In contrast to astronomy, which is actually observing what is in space, cosmology is developing theories about the basic nature of the universe. Albert Einstein's two theories of Relativity, for example, are cosmology rather than astronomy. But there is a definite connection between the two as astronomical observations, as well as data like particle accelerator experiments, are used to verify cosmological theories.

It is not actually necessary to observe space. I spent a lot more time reading about space than actually observing it. My interest in science began when I took this children's book out of the school library at age 8.

EXPLORING STARS WITHOUT A TELESCOPE OR SPACESHIP 

We can actually explore how a star works right here on earth. We know that there was once a large star that exploded in a supernova, since only the largest stars explode in a supernova. Some of the matter fell back together again, by gravity, to form the sun and planets. We know that the sun is such a second generation star because it contains heavier elements that are beyond it's current stage in the fusion process, which is fusing four hydrogen atoms into one helium atom.

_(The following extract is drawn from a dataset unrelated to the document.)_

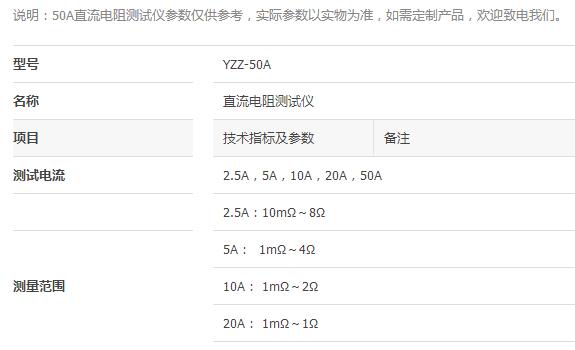 YZZ-50A50Aֱy(c)ԇx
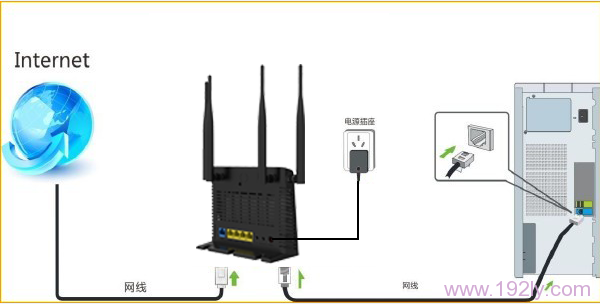 腾达(Tenda)FH365路由器自动获取(DHCP)上网设置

Every atom in your body was once part of this star. Energy such as that in tides, geothermal energy, any energy derived from the rotation of the earth, the energy in moving glaciers, volcanoes, landslides and, radioactivity, all come from the explosion of this star. 

Stars form when there is enough gravitational mass to overcome the mutually repulsive force between electrons and crunch smaller atoms together into larger ones. The new larger atom contains less internal energy than the atoms that were crunched together to form it. The excess energy is released as radiation and that is why stars shine.

A simple way to illustrate how stars work is to consider two or more spheres made of clay, with surface area representing their internal energy. If we combine the spheres together, into one large sphere, it will have less overall surface area than the smaller spheres. The lost surface area, that represents energy, is released as radiation and this is why stars shine.

A star is an equilibrium between the inward force of gravity and the outward force of the energy released by fusion. As successively heavier elements are fused together more energy per time is released. This upsets the equilibrium and the star explodes as a supernova, scattering it's matter across space. Some of the matter may fall back together, creating a solar system around a second generation star. This is almost certainly the only way that solar systems form.

We can see how this works just by looking at the earth. The most abundant element on earth by mass is iron, because the ordinary fusion process only goes as far as iron. Elements heavier than iron are only created by the energy released by the actual explosion of the supernova. This is why gold is rare while iron is common. 

Some of these very heavy atoms that were forced together are less than stable and gradually emit particles or radiation to reach a more stable energy state. These emissions are known as radioactivity. Heavy rare earth elements are often found together in mines because they did not have the chance to separate by mass before the star exploded.

In the outer reaches of the star it makes sense that molecular fusion, rather than nuclear fusion, took place. This is what formed light molecules, like water and salt, which is why water and salt arrived together in comets. I believe that this happened when the outer layers of the previous star were blasted away in a nova, before the star exploded from the center in a supernova. This is also why the oxygen, nitrogen and, hydrogen in the atmosphere and water is diatomic. When hydrogen is used for fuel this is where the energy originated.

The earth is nowhere near massive enough to produce nuclear fusion and ignite as a star but it can accomplish molecular fusion by geological processes. This is how gems are formed inside the earth. Gems that refract light are very limited in size. This is because the atoms must be lined up for it to refract light. Geological processes can accomplish this but the gem is limited to being closer to the scale of the atoms than to the scale of the earth.

So we can take a close look at how stars work right here on earth.